At [48], Martin Spencer J noted that on the interpretation advocated by counsel for the buyer, “the fact I have held that delivery, or purported delivery, is a pre-condition to the obligation to pay the price would mean that section 49(2) is not fulfilled”, and continued: “However, in my judgment that interpretation is not correct”, citing Mitsubishi. If by that Martin Spencer J was drawing a distinction between cases where delivery and payment are concurrent conditions (to which s.49(2) would not apply) and cases where delivery is a condition precedent to payment (to which s.49(2) would apply, subject to ‘day certain’), that would, I think, still be inconsistent with the ratio of the prior decisions. There is also an internal inconsistency there, I think, in that Martin Spencer J’s conclusion that delivery was a pre-condition for payment was in these terms, at [39]:
“The starting point is, as [counsel for the buyer] submitted, that this contract is one which provides that delivery of the goods is a “condition precedent” to payment of the price. … . Thus, this is not one of those contracts such as in Totsa [], where the obligation to pay arose on delivery of documents, irrespective of delivery of the goods” (my emphasis).

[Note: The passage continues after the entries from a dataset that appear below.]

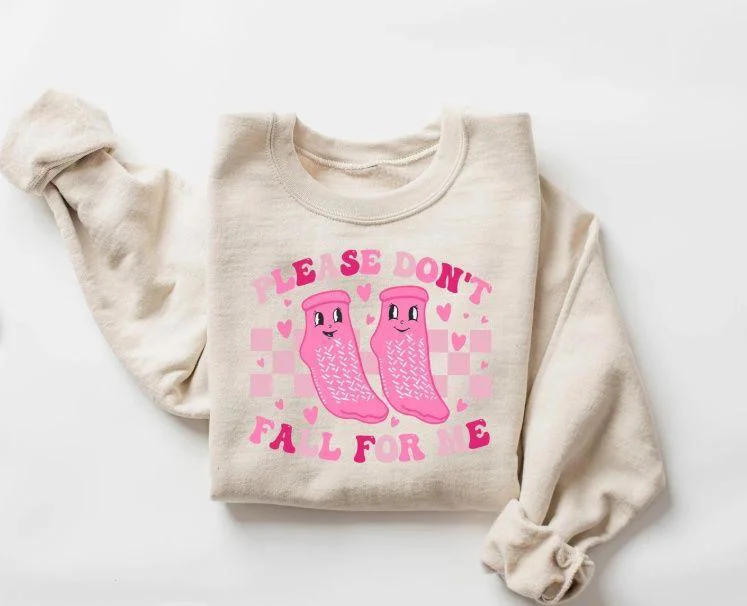 US Crewneck Sweatshirt (DTF) - Comfort That Lasts All Day, Embrace the Elegance! - Personalized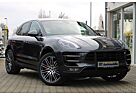 Porsche Macan Turbo/SportChrono/Pano/Luftfed/Sitzbelüft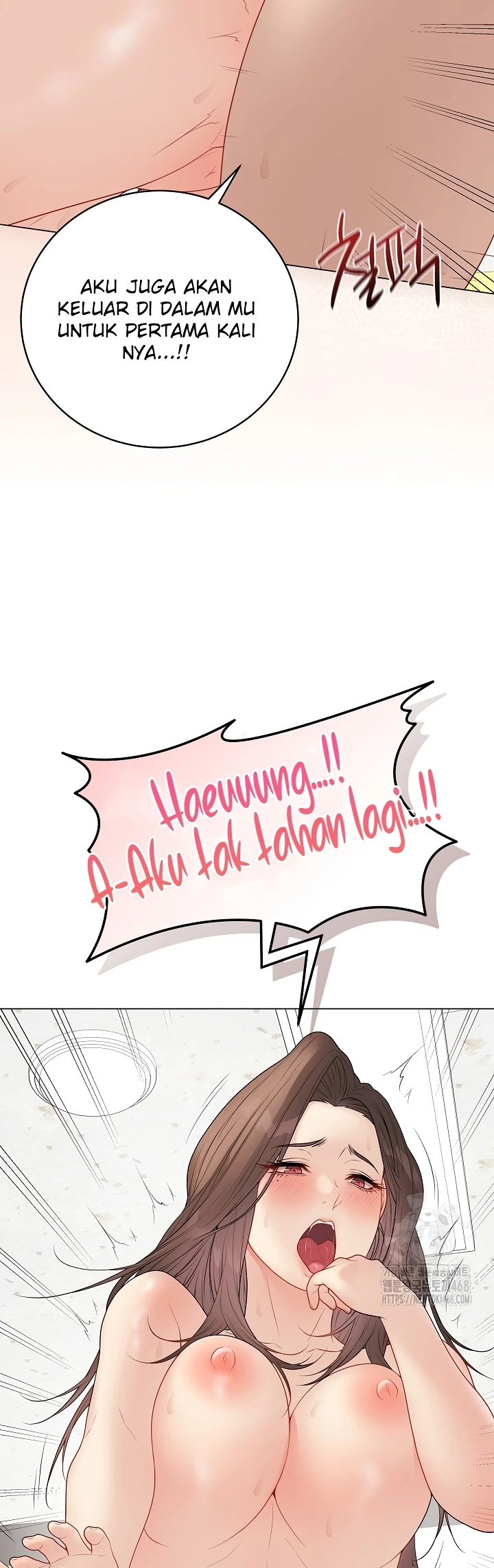 Signed, Sealed, Mistaken - Page 23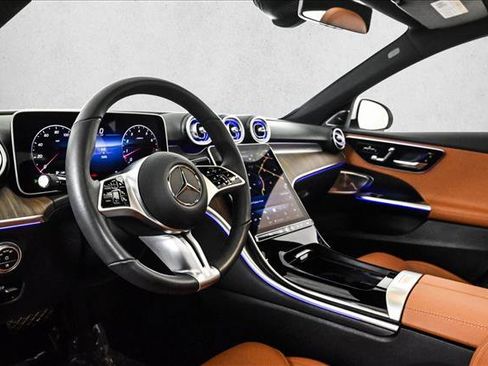Certified 2025 Mercedes-Benz C 300 4MATIC Sedan image 10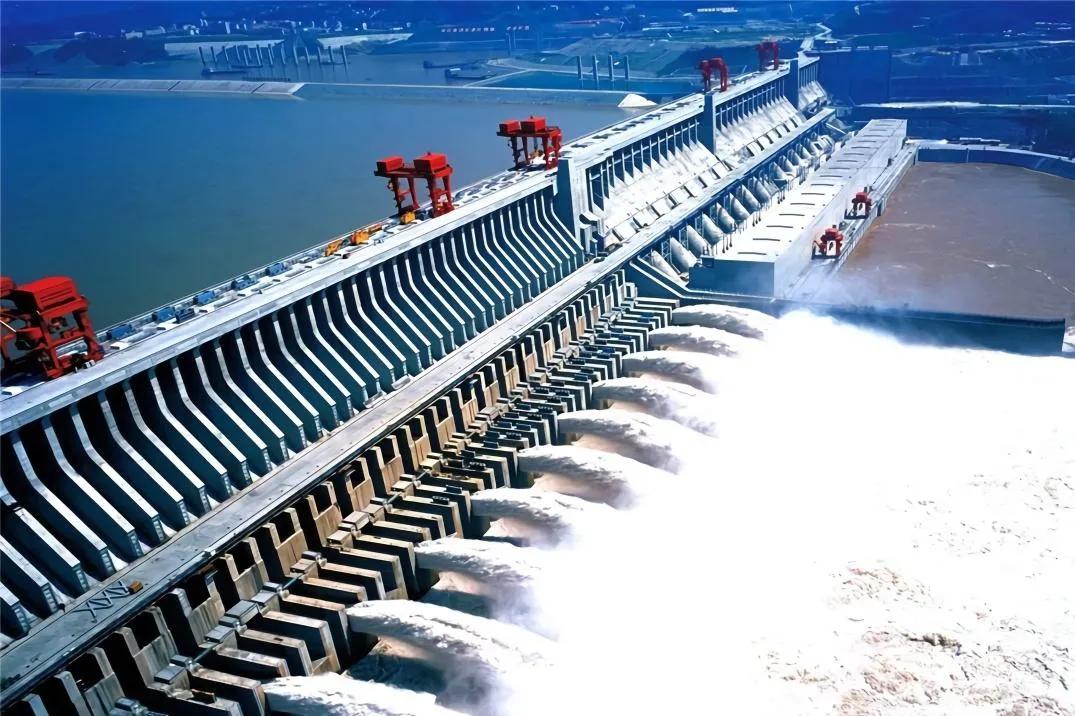 防汛的水利工程,防汛抗旱有哪些水利工程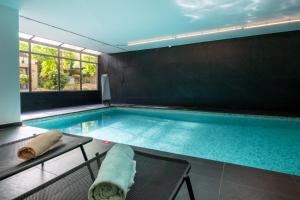 Appart'hotels Nemea Appart Hotel Cannes Palais : photos des chambres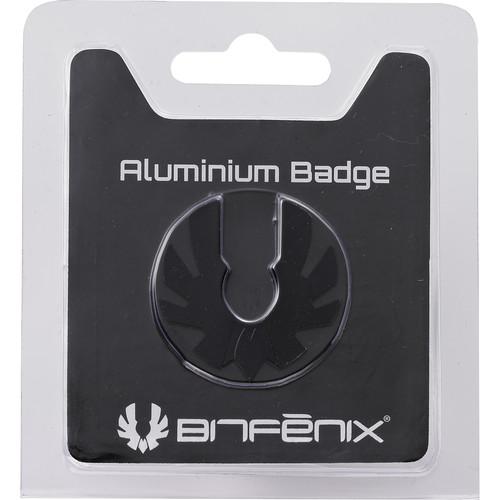 BitFenix Aluminum Badge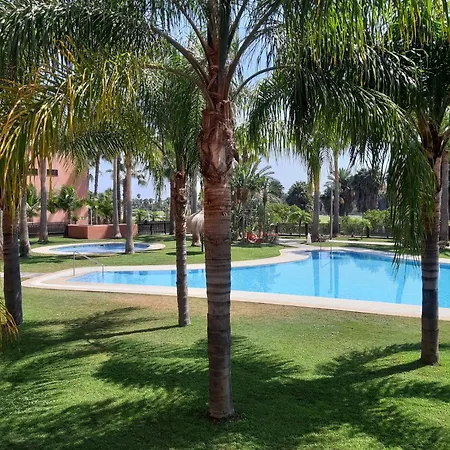 Apartment Costa Tropical Comfortable Playa Granada *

In Totsa, viz. Totsa Total Oil Trading SA v Bharat Petroleum Corp [2005] EWHC 1641 (Comm), s.49 of the Act was not raised or considered. The contract was an f.o.b. contract, payment against invoice and usual shipping documents not later than 30 days after the bill of lading date. Martin Spencer J does not identify a source for the view that the price in Totsa was payable irrespective of delivery. If it was simply the contrast he drew between a delivery of usual shipping documents and a delivery of goods, in my view that misunderstood the ordinary incidents of international sales. As it happens, therefore, I think it was incorrect to say that the contract in Totsa provided for the price to be payable ‘irrespective of delivery’; but that does not remove the internal inconsistency in Readie Construction between holding at [39] that the contract was not a contract providing for payment irrespective of delivery, and deciding the case at [46]-[49] on the basis that it was such a contract.

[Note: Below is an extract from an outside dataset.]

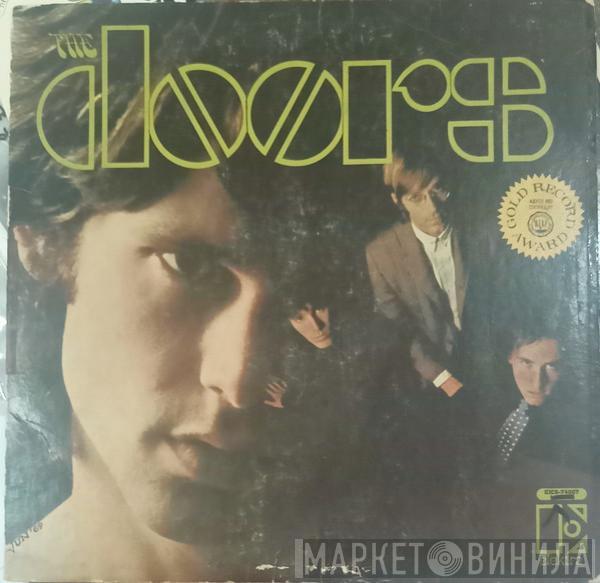  The Doors  - The Doors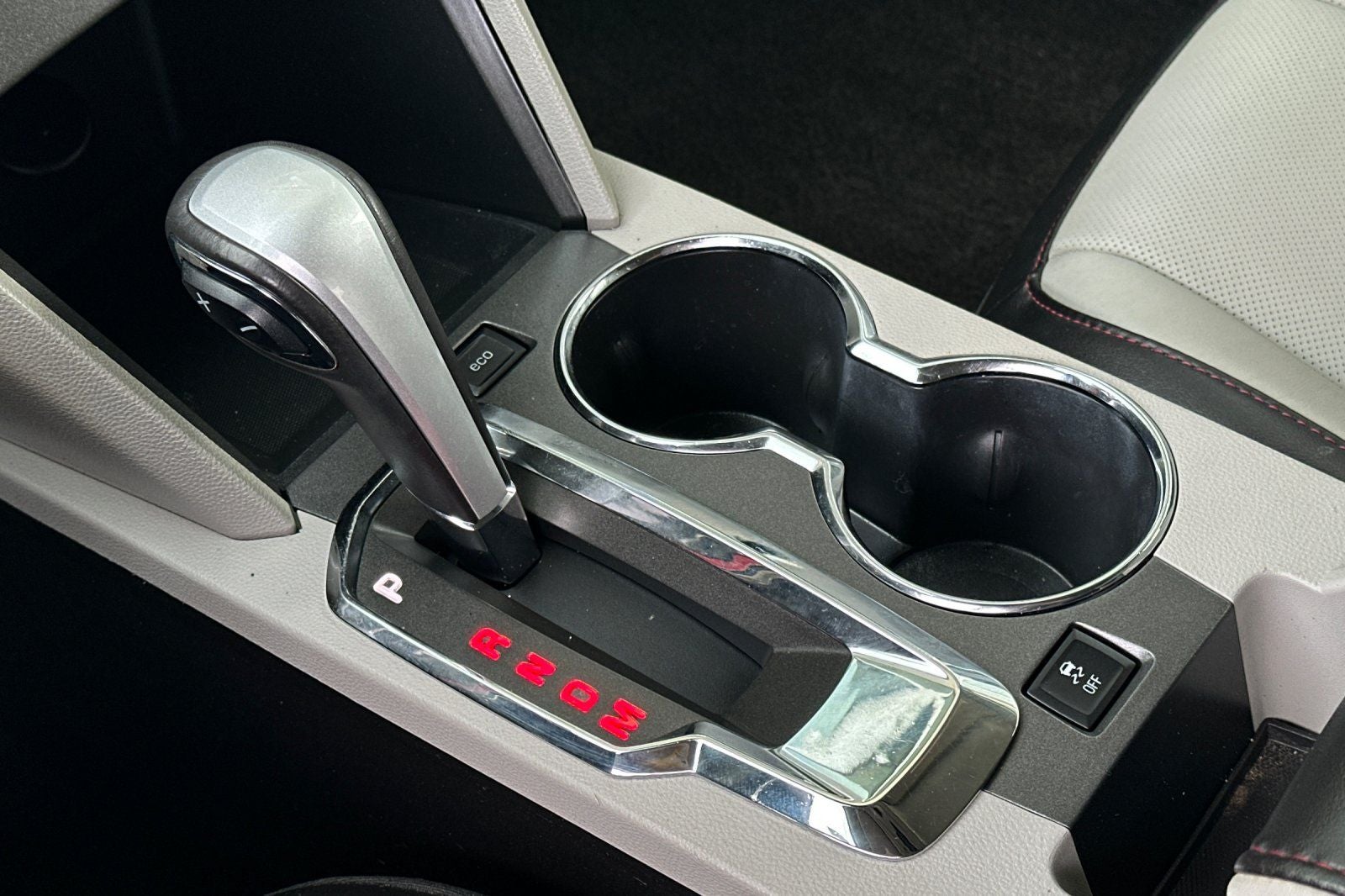 2011 GMC Terrain SLT-2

At [22]-[24], Martin Spencer J recorded that the buyer relied on Stein Forbes, Muller Maclean, the obiter dictum of Lord Keith of Avonholm in White & Carter (Councils) Ltd v McGregor, and Otis Vehicle Rentals, and submitted that they decided between them that “a contract cannot be “irrespective of delivery” if delivery and payment are interdependent …”. The judge did not say anything different as to what those cases decided, and in my view the buyer’s submission was correct, save that, strictly, the point was decided only in Stein Forbes and Muller Maclean, as I explain in Appendix B. From his summary of the seller’s argument at [35]-[36] and his adoption of HHJ Johns QC’s reasoning at [49], I respectfully wonder if Martin Spencer J may have been led astray by dicta that, properly understood, concern ‘day certain’, which had been conceded before him, and do not touch ‘irrespective of delivery’, which was in issue.

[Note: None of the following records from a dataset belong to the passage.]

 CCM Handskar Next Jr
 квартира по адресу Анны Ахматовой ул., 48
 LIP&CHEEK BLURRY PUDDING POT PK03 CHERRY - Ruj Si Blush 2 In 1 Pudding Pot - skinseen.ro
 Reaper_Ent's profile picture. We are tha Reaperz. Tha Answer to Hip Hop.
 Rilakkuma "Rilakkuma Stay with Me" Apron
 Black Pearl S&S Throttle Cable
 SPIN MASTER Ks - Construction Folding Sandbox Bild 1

In CE Energy, Paul Stanley KC granted summary judgment on claims under a guarantee, one of which, he decided, required it to be shown that there had been a debt due from the primary obligor, which required in turn that the claimant could have maintained an action for the price against that party under a contract for the sale of goods, namely (in the event) 14,941.015 m.t. of industrial gasoil on the m.t. Kmarin Restraint, for delivery ex-ship offshore Lomé, Togo.
By the contract, payment was to be made “latest 45 calendar days from NOR Lagos (NOR=1) to seller’s nominated bank account …”, and there was a retention of title clause. At [27], the learned deputy judge said that initially it was common ground that the NOR triggering the payment obligation was “the first notice of readiness given by a daughter vessel that was to tranship the cargo after its arrival at Lome”, but that it became common ground finally that it was “the first notice of readiness given on the arrival of the daughter vessel at Lagos to unload”.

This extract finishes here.